We all know that Tiger’s life has plunged down the rathole. But notwithstanding that aphorism that there are no second acts in American lives, we know there are. There’s Eliot Spitzer, Bill Clinton, Jesse Jackson, Mike Tyson (wonderful can’t-take-your-eyes-off-him in the film documentary of his extraordinary, scarifying intermittently triumphant and scabrous life). And there’s my man Augstine who turned his sorry life around and wrote that tell-almost-all classic.

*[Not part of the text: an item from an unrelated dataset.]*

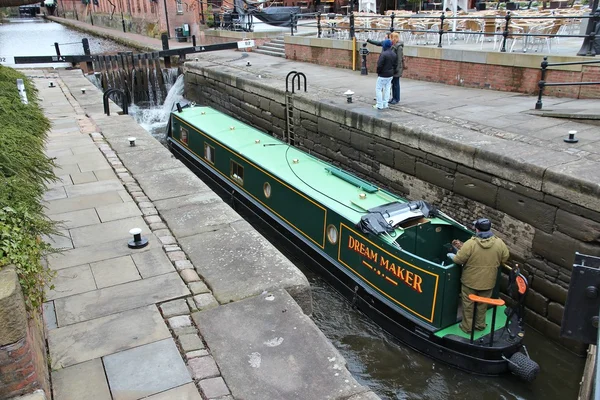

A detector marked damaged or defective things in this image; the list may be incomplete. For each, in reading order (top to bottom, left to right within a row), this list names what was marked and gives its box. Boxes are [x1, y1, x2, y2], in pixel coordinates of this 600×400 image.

rusty metal plate [560, 253, 600, 344]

There are, too, second acts because as Augustine’s Confessions indicate, you can play the first half of the game as a lecher fornicator blasphemer — as long as you fall on your knees and recant. The poet Eliot did it — turned Catholic, churchly, devout and, from Grouch Marx’s account in Groucho’s letters, rather chipper and very happily married. Make that re-married. The first one didn’t pan out. Crazy Viv. Fornicating with Bertrand Russell and wearing those goofy Flapper gear — at least that’s the impression we have. Half crazy, then all crazy, then institutionalized. Poor cuckolded bastard Eliot — motives late revealed (and all that). But he found it, at last, down on his knees — his conversion. His redemption.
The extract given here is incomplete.